• **Problem**:
Find and copy each line of the data that includes "Suites".

☆ ☆ ☆ ☆ ☆

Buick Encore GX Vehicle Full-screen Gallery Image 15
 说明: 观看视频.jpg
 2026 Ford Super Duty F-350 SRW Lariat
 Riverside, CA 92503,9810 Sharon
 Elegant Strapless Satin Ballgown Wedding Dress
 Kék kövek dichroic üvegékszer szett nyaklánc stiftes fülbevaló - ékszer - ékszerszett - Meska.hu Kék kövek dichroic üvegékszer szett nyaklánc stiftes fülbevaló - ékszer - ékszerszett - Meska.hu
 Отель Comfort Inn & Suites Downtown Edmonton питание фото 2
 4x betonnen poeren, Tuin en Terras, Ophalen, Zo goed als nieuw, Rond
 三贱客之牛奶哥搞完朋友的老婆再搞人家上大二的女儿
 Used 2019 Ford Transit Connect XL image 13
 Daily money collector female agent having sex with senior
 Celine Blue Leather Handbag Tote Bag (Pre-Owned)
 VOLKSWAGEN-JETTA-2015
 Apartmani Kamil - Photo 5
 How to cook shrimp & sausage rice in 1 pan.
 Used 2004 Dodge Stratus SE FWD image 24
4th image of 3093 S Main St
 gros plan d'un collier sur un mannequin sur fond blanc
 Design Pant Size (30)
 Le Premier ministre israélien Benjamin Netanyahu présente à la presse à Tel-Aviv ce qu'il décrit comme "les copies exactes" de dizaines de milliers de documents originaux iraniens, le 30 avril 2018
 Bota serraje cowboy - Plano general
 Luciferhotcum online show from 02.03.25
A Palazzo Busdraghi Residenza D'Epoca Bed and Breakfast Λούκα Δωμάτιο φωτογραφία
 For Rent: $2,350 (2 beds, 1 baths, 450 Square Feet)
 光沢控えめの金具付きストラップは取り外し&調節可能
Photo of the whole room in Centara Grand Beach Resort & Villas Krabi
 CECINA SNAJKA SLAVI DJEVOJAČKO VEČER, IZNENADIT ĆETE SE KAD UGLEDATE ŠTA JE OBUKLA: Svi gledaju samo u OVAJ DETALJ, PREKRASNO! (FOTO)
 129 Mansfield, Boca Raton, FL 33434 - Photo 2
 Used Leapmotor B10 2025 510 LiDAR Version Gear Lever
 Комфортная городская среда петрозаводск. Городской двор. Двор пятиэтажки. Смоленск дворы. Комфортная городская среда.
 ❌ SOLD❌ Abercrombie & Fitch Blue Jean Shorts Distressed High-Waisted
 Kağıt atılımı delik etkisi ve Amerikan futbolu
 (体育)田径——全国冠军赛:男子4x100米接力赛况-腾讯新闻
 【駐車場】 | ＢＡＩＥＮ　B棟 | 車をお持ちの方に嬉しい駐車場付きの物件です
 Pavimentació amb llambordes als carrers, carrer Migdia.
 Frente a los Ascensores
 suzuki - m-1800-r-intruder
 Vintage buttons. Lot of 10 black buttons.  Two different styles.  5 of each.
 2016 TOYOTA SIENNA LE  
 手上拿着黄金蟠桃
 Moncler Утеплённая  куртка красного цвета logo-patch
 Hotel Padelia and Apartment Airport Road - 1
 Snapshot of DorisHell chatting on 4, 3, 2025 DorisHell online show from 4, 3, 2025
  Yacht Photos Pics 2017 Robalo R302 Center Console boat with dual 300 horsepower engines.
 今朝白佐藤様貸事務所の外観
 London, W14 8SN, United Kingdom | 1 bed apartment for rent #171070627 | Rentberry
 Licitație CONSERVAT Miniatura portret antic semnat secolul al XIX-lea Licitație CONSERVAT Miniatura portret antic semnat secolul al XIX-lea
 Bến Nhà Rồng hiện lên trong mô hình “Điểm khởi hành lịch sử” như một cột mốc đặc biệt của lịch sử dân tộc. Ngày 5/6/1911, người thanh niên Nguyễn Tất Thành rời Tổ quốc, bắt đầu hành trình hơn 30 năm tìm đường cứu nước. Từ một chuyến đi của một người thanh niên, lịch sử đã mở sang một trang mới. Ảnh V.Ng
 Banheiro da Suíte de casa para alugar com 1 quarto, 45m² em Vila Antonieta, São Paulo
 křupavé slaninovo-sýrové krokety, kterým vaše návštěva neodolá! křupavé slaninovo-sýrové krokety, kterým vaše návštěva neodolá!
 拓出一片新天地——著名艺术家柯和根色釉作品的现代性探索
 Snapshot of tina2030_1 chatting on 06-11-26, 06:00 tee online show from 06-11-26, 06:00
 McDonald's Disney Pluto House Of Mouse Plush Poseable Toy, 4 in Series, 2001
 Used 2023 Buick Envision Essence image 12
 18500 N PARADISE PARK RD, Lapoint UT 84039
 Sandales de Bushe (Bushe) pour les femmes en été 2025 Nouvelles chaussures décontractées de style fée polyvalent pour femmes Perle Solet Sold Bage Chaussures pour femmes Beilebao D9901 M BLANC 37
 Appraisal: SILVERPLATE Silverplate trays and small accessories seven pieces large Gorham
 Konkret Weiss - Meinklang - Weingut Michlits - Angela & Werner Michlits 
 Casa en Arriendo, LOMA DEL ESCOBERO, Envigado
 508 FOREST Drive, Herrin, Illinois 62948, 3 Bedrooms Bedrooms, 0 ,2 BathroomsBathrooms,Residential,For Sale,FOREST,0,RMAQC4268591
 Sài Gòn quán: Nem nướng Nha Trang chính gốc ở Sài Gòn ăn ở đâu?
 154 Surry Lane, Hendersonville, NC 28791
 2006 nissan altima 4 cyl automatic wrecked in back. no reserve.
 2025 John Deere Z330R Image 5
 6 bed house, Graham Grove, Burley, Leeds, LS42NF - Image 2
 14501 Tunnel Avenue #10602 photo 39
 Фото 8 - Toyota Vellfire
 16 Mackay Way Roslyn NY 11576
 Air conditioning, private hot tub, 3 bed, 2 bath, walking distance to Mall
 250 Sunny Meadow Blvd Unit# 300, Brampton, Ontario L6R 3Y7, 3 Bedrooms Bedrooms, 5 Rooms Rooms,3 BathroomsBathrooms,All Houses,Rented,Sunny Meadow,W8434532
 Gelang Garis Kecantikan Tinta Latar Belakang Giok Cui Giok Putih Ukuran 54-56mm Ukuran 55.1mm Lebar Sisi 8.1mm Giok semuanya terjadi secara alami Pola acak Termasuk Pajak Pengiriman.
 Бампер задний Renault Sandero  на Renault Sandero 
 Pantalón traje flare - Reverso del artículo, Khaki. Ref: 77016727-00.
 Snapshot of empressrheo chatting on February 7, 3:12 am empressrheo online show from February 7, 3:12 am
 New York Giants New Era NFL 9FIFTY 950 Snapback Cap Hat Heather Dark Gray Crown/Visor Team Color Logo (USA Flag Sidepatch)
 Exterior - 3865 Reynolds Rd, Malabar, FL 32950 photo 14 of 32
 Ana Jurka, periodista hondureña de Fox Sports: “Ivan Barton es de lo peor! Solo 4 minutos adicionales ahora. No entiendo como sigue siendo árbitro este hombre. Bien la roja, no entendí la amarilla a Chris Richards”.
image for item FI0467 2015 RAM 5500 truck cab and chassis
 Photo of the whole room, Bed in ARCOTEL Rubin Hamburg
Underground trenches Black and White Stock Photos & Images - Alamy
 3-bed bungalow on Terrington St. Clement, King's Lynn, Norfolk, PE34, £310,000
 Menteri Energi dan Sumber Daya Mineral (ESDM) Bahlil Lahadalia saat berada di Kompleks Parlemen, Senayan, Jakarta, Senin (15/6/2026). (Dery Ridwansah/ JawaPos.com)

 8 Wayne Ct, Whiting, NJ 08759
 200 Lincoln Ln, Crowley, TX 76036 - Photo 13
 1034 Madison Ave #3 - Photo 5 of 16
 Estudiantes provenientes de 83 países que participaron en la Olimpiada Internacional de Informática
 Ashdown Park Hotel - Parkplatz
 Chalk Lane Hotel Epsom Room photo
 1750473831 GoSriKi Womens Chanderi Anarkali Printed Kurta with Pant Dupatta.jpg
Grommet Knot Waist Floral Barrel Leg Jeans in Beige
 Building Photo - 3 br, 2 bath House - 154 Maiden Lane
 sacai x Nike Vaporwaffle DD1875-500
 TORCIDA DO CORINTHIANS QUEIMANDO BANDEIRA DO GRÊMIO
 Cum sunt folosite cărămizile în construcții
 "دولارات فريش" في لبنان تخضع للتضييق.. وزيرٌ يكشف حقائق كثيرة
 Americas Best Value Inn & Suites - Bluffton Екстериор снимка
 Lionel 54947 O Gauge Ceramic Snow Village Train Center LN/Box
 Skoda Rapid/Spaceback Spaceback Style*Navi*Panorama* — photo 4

☆ ☆ ☆ ☆ ☆

• **Answer to this problem**:
 Отель Comfort Inn & Suites Downtown Edmonton питание фото 2
 Americas Best Value Inn & Suites - Bluffton Екстериор снимка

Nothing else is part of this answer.